┌──

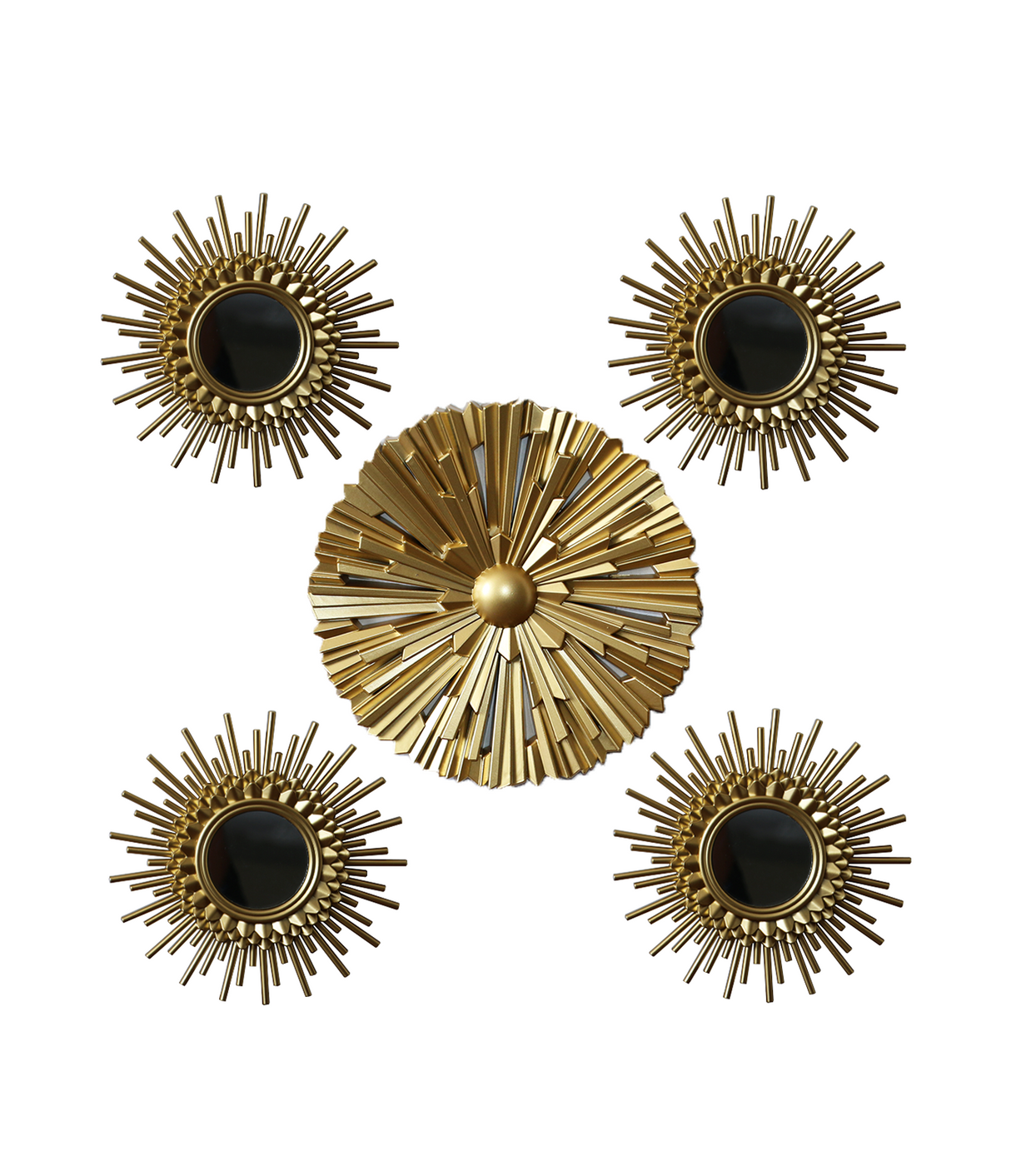 wall mirror starburst 5in1 golden china (12.5"x12.5")(9"x9")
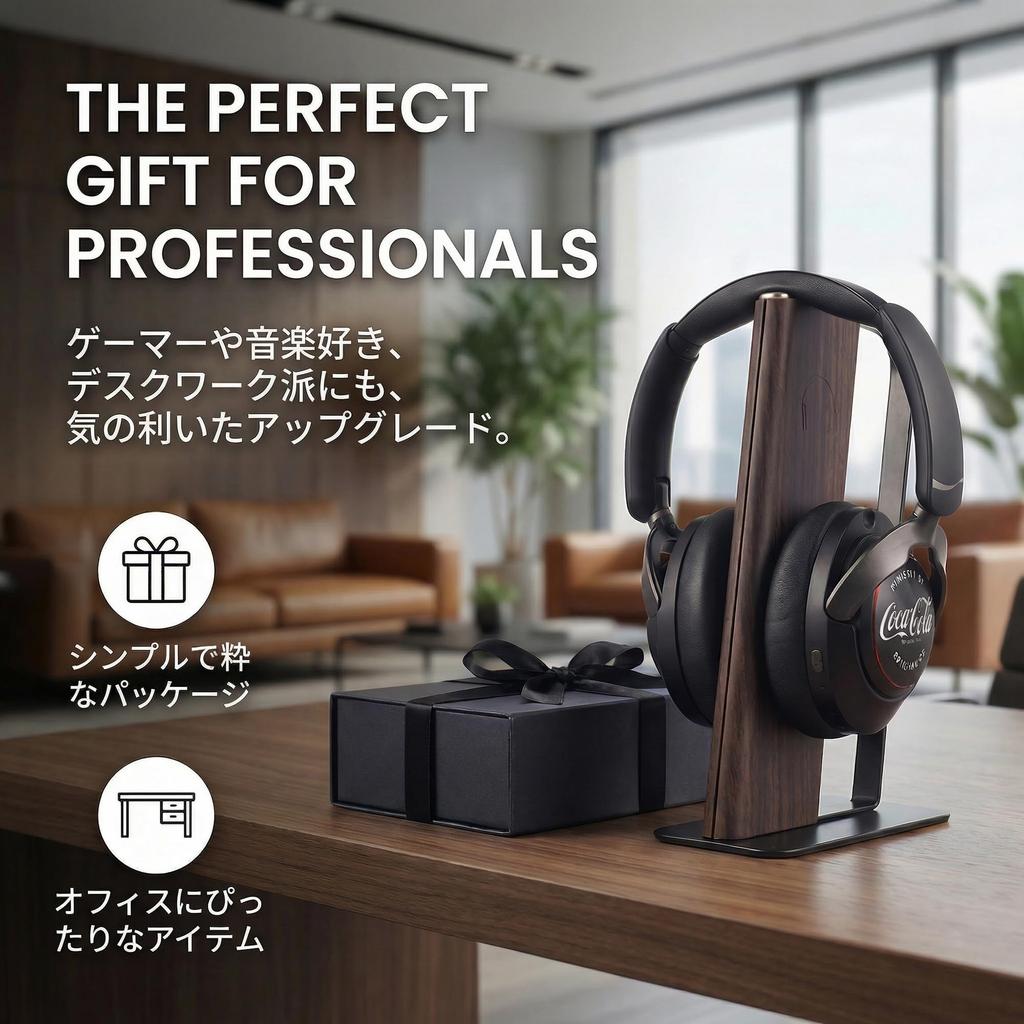 Bitze Luxury Headphone Desktop Headset Classic No Assembly High Compatible with and Wireless Headphones Stand, Holder, Wood-Style Design, Required,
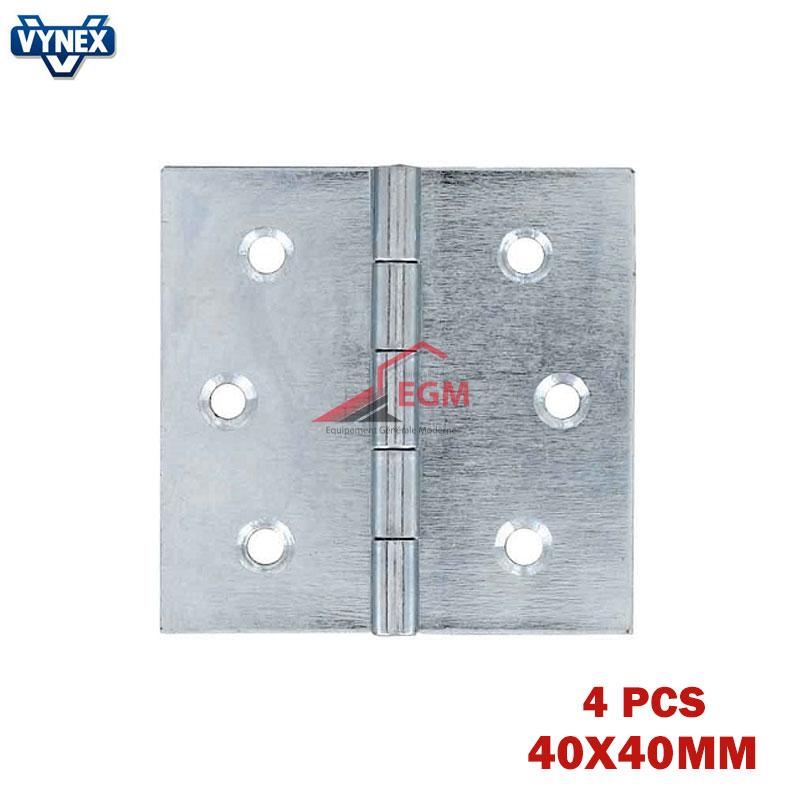 CHARNIERE FIXE EN ACIER ZINGUE 40X40MM 4PCS VYNEX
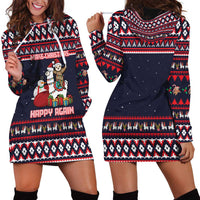Llama and Snowman Hoodie Dress with Gifts and Nordic Pattern - Wonder Print Shop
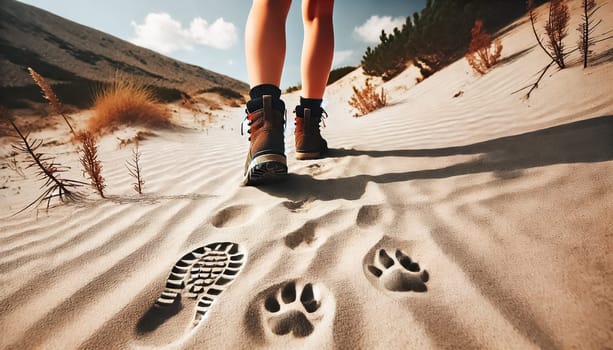 A close-up view of hiking boots and dog paw prints left in soft, powdery sand. The woman and her dog hike through a sandy mountain trail, leaving distinct imprints behind as they move through the open landscape.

└──

• **Instructions to follow**:
Look above for the line with "Bitze Luxury Headphone" and the line with "Llama and Snowman", then restate exactly those two lines and all lines between them, with no pictures.

• **Problem solution**:
 Bitze Luxury Headphone Desktop Headset Classic No Assembly High Compatible with and Wireless Headphones Stand, Holder, Wood-Style Design, Required,
 CHARNIERE FIXE EN ACIER ZINGUE 40X40MM 4PCS VYNEX
Llama and Snowman Hoodie Dress with Gifts and Nordic Pattern - Wonder Print Shop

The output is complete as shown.